_Exercise prompt_
Each line of the material must be repeated precisely, with the pictures left out.

*** Records shown ***

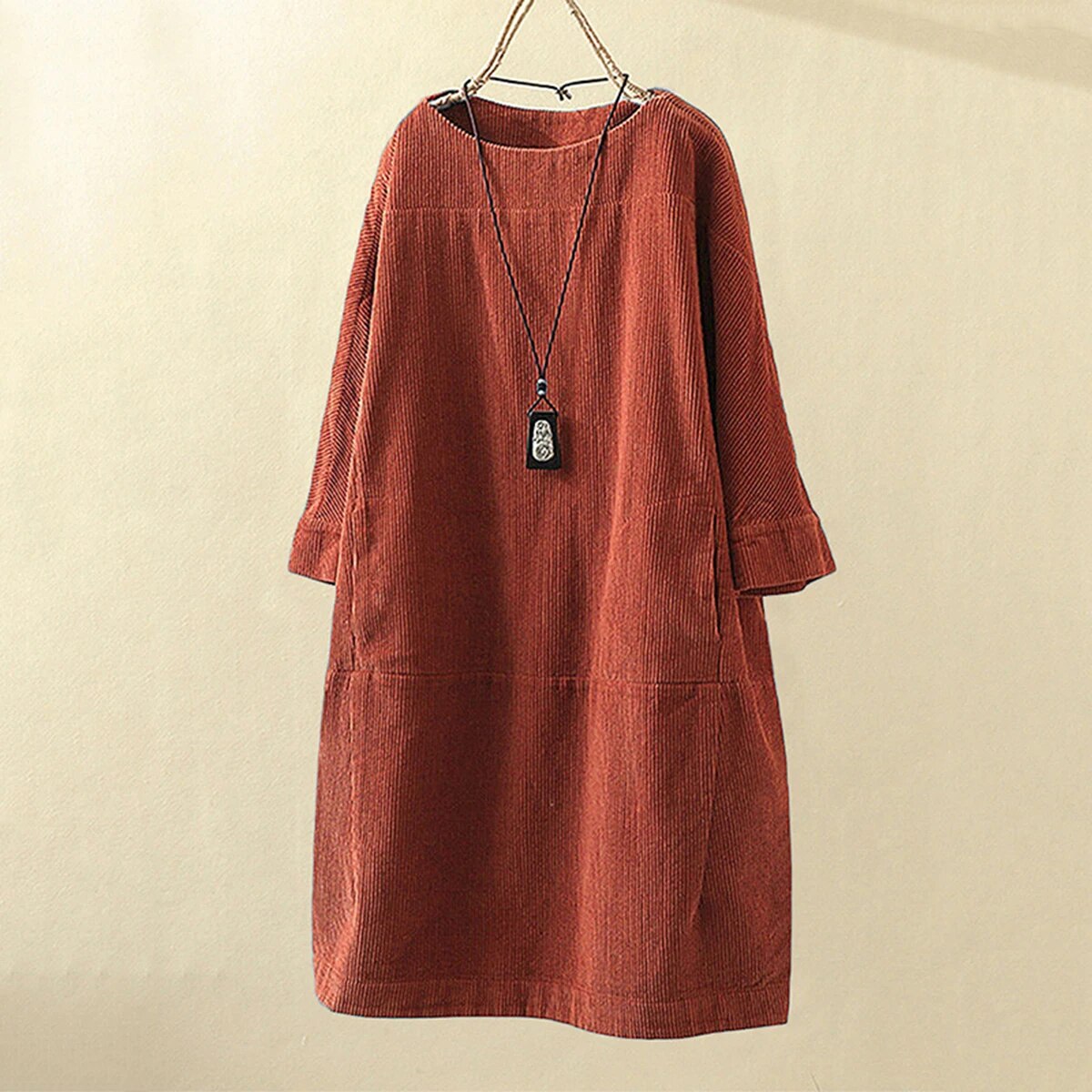 Women's Corduroy Dress - Relaxed Fit - Knee-Length - 3/4 Sleeve Minimalist Style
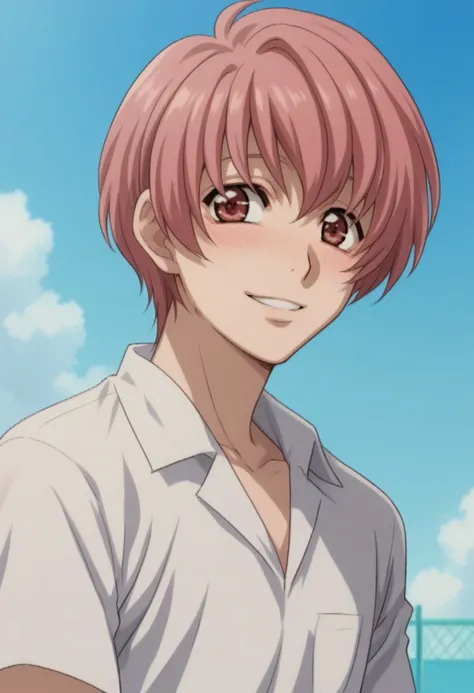 score_9, score_8_up, score_7_up, source_anime, highly detailed, 
mikotoyutaka, solo, 1boy, male focus, pink eyes, smile, shy, blush, shirt,
parody, upper body, pink hair, white shirt, bangs, hair between eyes,
outdoor, sky,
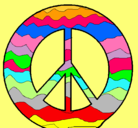 Dibujo Símbolo de la paz pintado por tortuga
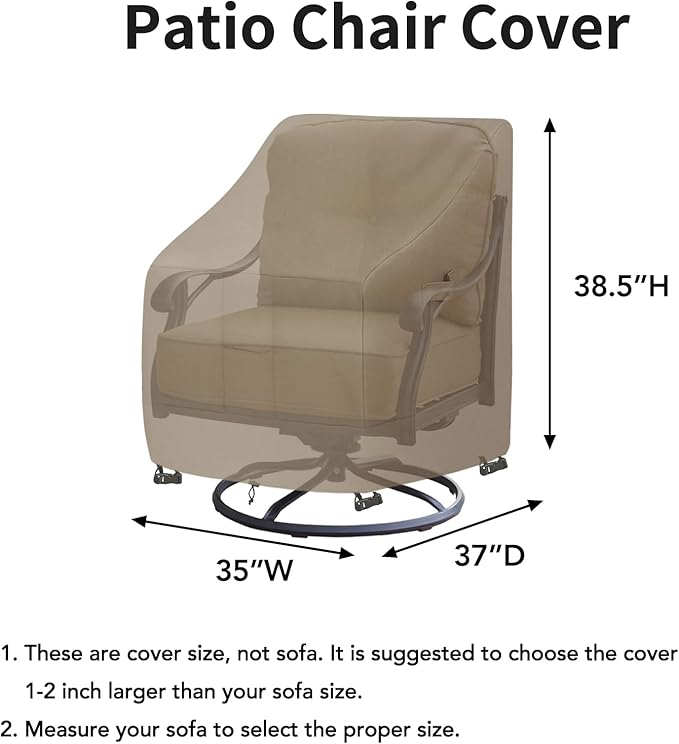 Easy-Going Waterproof Outdoor Swivel Chair Cover UV Resistant Patio Chair Cover Weatherproof Lawn Outdoor Furniture Cover with Tape Sealed Seam (2 Pack-35Wx37Dx38.5H inch, Camel)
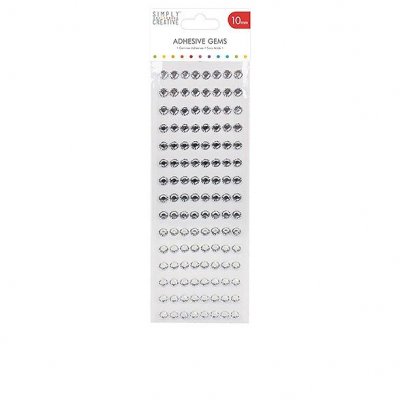 Simply Creative Adhesive Gems 10mm Silver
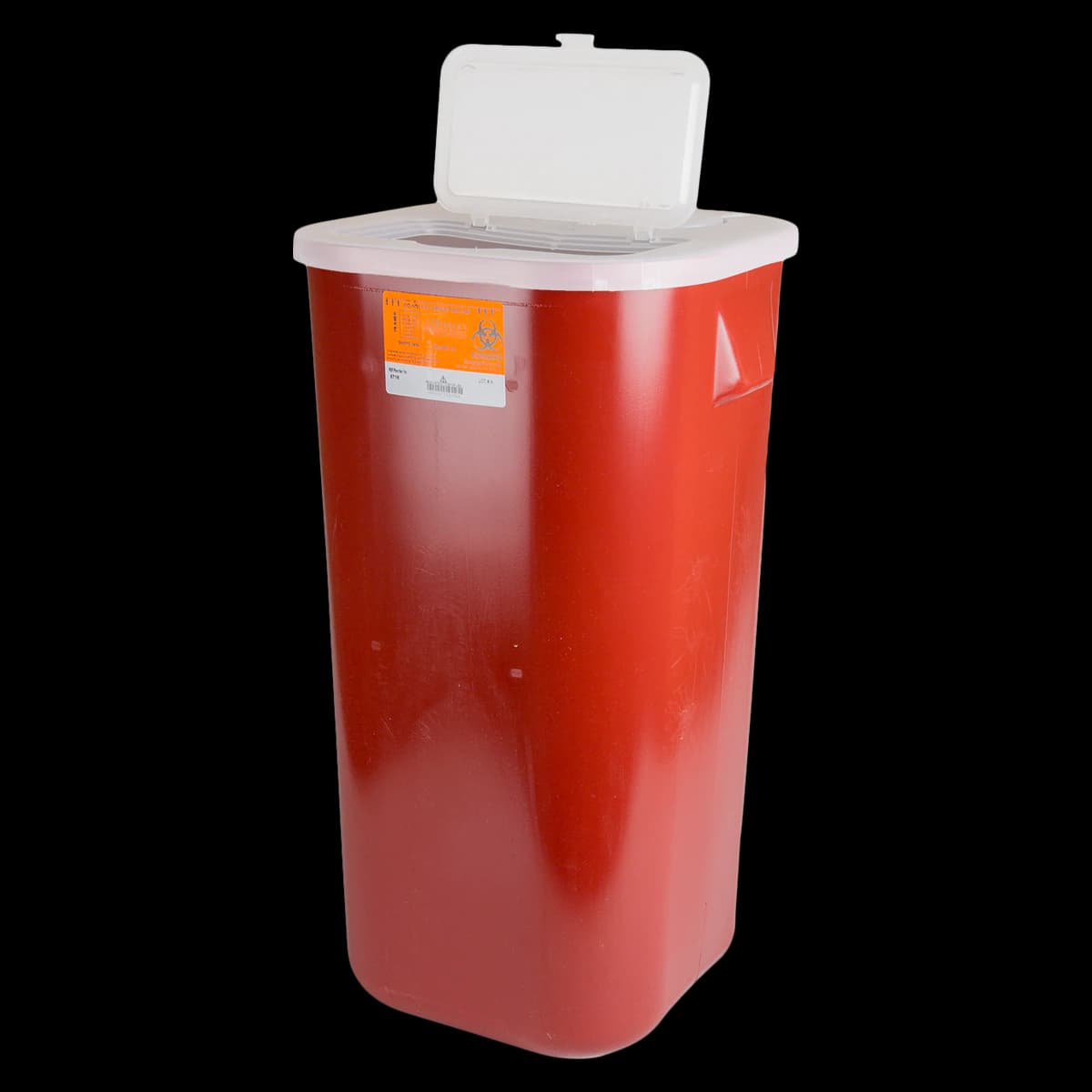 Medegen Sharps Container, Stackable, 16 Gallon, Red/Black, Horizontal Drop, Polypropylene, X-Large, 13-1/2" x 25-1/2" x 13-3/4" - Sharps Cont Stackable - Image 1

*** End of Records shown ***

_Result of this task_
 Women's Corduroy Dress - Relaxed Fit - Knee-Length - 3/4 Sleeve Minimalist Style
 score_9, score_8_up, score_7_up, source_anime, highly detailed, 
mikotoyutaka, solo, 1boy, male focus, pink eyes, smile, shy, blush, shirt,
parody, upper body, pink hair, white shirt, bangs, hair between eyes,
outdoor, sky,
 Dibujo Símbolo de la paz pintado por tortuga
 Easy-Going Waterproof Outdoor Swivel Chair Cover UV Resistant Patio Chair Cover Weatherproof Lawn Outdoor Furniture Cover with Tape Sealed Seam (2 Pack-35Wx37Dx38.5H inch, Camel)
 Simply Creative Adhesive Gems 10mm Silver
 Medegen Sharps Container, Stackable, 16 Gallon, Red/Black, Horizontal Drop, Polypropylene, X-Large, 13-1/2" x 25-1/2" x 13-3/4" - Sharps Cont Stackable - Image 1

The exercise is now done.